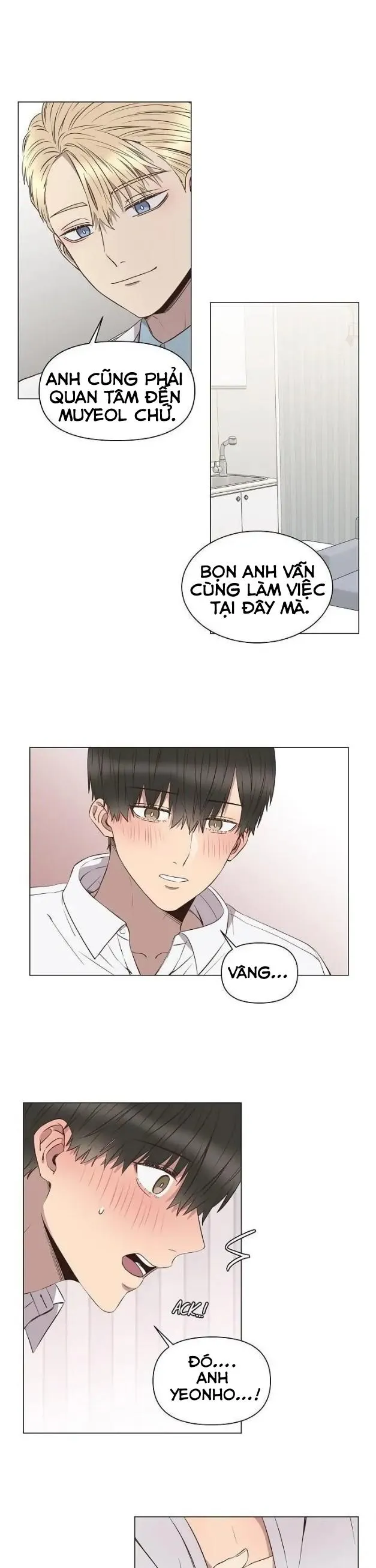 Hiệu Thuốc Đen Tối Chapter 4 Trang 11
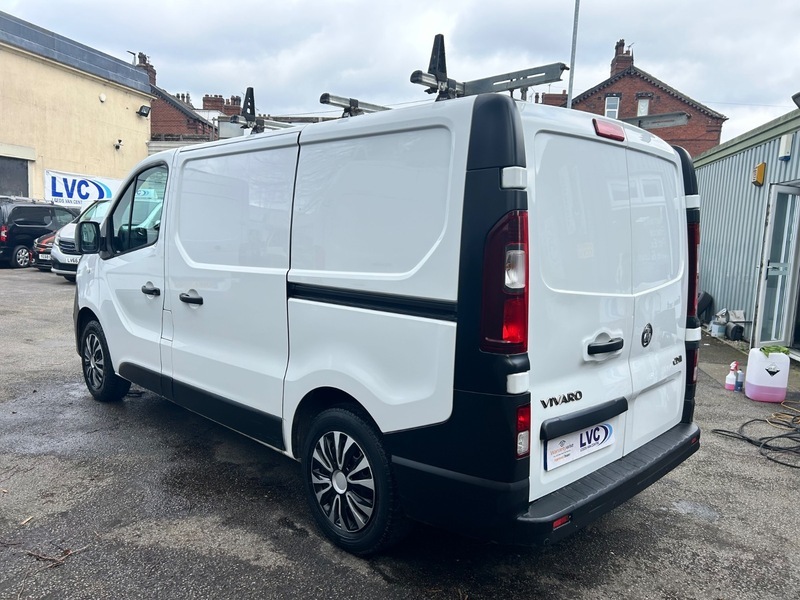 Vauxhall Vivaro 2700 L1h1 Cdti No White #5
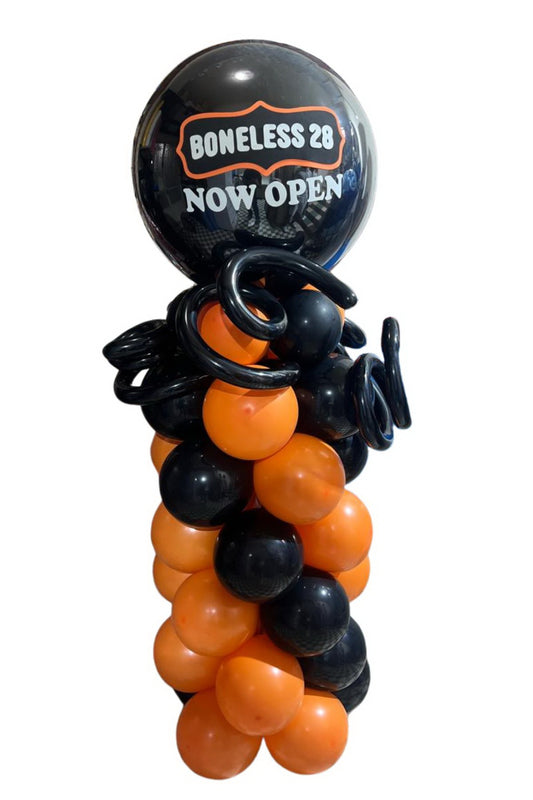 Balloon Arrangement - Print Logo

##########

Directions for this task >>
Output each of the lines above exactly, apart from the images.

Exercise solution >>
 Hiệu Thuốc Đen Tối Chapter 4 Trang 11
 Vauxhall Vivaro 2700 L1h1 Cdti No White #5
 Balloon Arrangement - Print Logo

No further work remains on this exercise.